Information provided:
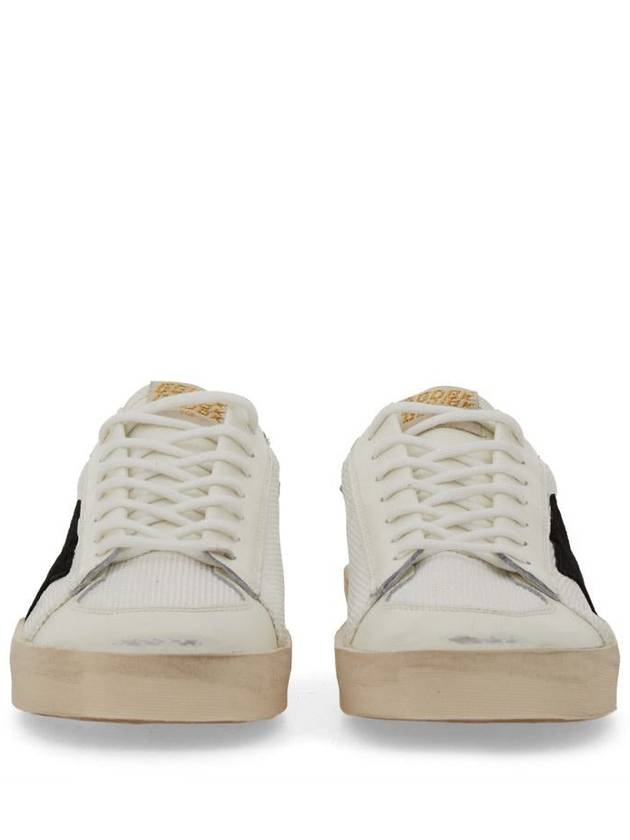 Star Patch Lace Up Low Top Sneakers White - GOLDEN GOOSE - BALAAN 5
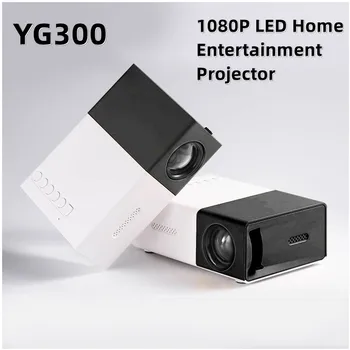 YG300 Draagbare Projector-High Definition 1080P Full HD Projector, Multi-Interface Huis HDMI-Compatibele USB-Films AV-Projector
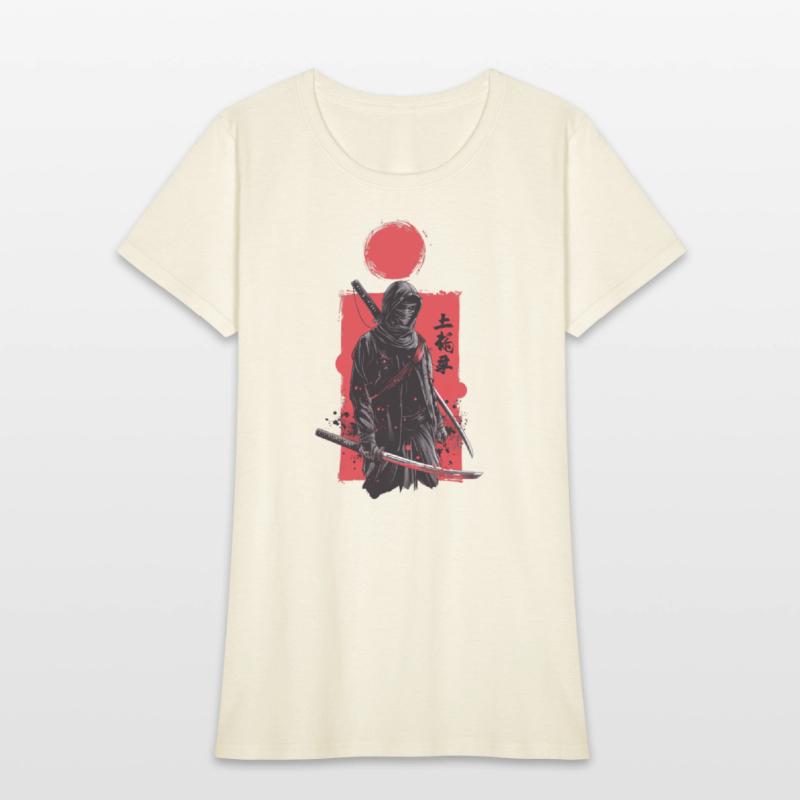 Urban Samurai Warrior in Mysterious Mask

Directions: Print all the lines above exactly as they are, but without the pictures.

Task solution:
 Star Patch Lace Up Low Top Sneakers White - GOLDEN GOOSE - BALAAN 5
 YG300 Draagbare Projector-High Definition 1080P Full HD Projector, Multi-Interface Huis HDMI-Compatibele USB-Films AV-Projector
 Urban Samurai Warrior in Mysterious Mask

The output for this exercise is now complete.